Since the publication of second quarter results at the start of the month Zynga (ZNGA) has been hit with a slew of departures of top level staff.

Early in August Erik Bethke, who oversaw "Mafia Wars 2", the companies attempt to reignite one of its most import brands, left, followed by Alan Patmore who had been involved in "CityVille". Patmore left for Kixeye, a gaming company which focuses on producing games to appeal to hardcore gamers on Facebook. While lagging behind in terms of users Kixeye says its games make as much as 60 cents per user, well over the 4 cents most other social game companies make. Patmore will also be able to verify if Kixeye's depiction of CEO Mark Pincus in its recruitment video is accurate.

Others to leave this month included Jeremy Strauser, a general manager and Ya-Bing Chu, vice president of their mobile division, an area where Zynga is very weak at the moment. Chief Operating Officer John Schappert stepped down following a restructure in which Pincus began overseeing the company's game development directly.

Now AllThingsD confirms that Zynga's Chief Creative Officer Mike Verdu has left to start a new company. As yet Verdu hasn't commented on even the name of his new company, other than Zynga will invest in it and it will focus on making mobile games.
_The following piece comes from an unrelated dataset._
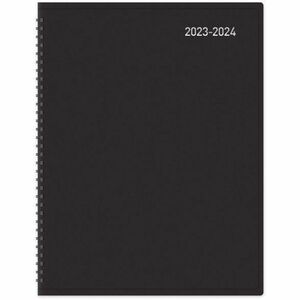 2023 Weekly Planner - Black Vegan Leather | russell+hazel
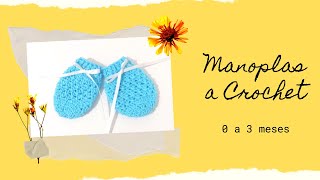 MANOPLAS n° 3 crochet bebé (recién nacido) en Punto Cruzado - Tutorial paso a paso - Moda a Crochet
These departures come in the wake of Zynga's stock price plummeting below $3, driving down the compensation many employees have received. The atmosphere at Zynga has been described as "grim" and one employee earlier this month posted a "horrifying account of working" at the company. Feelings at the company weren't improved by the secondary offering of stock completed on the 3rd of April in which top brass sold off over 49 million shares while low level employees weren't allowed to take part and had to wait until the lock-up period ended on the 28th of May. In that length of time the price fell from over $12 to just over $6. Zynga's directors are currently under investigation to see if they acted in their own interests rather than in the best interests of the company.

Zynga blames changes to the way Facebook (FB) promotes games for its poor performance but the truth is that they are facing user apathy to their older games while failing to attract users to their newer games which are often attacked as copies. Zynga currently finds itself being sued by Electronic Arts (EA) who accuse them of ripping off "The Sims Social" to make "The Ville". Other games companies have come onto the scene to challenge Zynga for users and it is no longer heavily protected and promoted by Facebook as it once was. The social network has now turned its attention towards advertising to raise revenue and on a fair and balanced field Zynga isn't playing well. Currently there appears to be nothing in sight to stop either their crashing share price or the outflow of talented employees.